Example dataset for the above problem:

val purchases = List( CFFPurchase(100, "Geneva", 22.25),
                      CFFPurchase(100, "Zurich", 42.10),
                      CFFPurchase(100, "Fribourg", 12.40),
                      CFFPurchase(100, "St.Gallen", 8.20),
                      CFFPurchase(100, "Lucerne", 31.60),
                      CFFPurchase(100, "Basel", 16.20) )

How would this look on a cluster?

Lets say we have 3 nodes and our data is evenly distributed on it, so above operations look like this:

shuffline

This shuffling is very expensive because of Latency.

Can we do a better job?

Perhaps we can reduce before we shuffle.
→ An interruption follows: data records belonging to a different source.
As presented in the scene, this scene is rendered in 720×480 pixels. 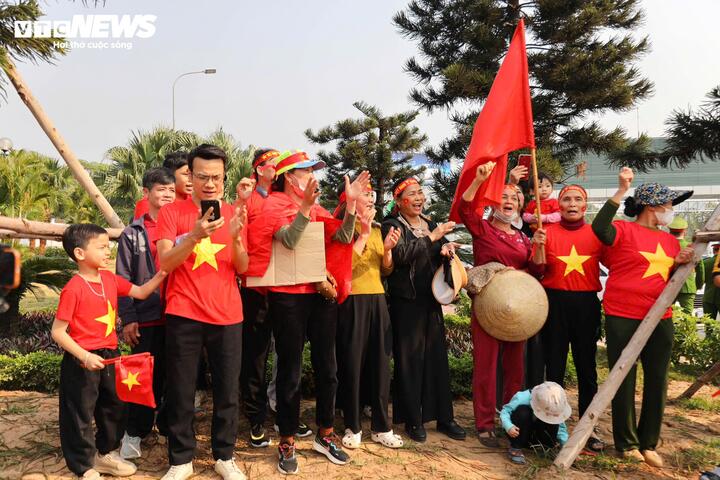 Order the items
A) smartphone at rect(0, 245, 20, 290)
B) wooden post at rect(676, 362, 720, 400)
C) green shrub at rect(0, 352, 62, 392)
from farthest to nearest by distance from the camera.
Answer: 1. green shrub at rect(0, 352, 62, 392)
2. wooden post at rect(676, 362, 720, 400)
3. smartphone at rect(0, 245, 20, 290)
This could greatly reduce the amount of data we send over network.

To do this we use reduceByKey that we have seen earlier.

val purchasesPerMonth = purchasesRdd.map( p => (p.customerId, (1, p.price)) ) // pair RDD
                                    .reduceByKey( (v1, v2) => (v1._1 + v2._1, v1._2 + v2._2) )
                                    .collect()                        

What will this look like on the cluster?

shuffling_2

Note: Here we shuffle considerable less amount of data, just by using reduceByKey instead of doing a groupByKey followed by map.

Benefits of this approach:

  • By reducing the dataset first, the amount of data sent over the network during the shuffle is greatly reduced. Thus performance gains are achieved!

This is because when using groupByKey, it requires collecting all key-valu pairs with the same key on the same machine.

Question: How does Spark know which key to put on which machine?

By default, Spark uses hash partitioning to determine which key-value pair should be sent to which machine.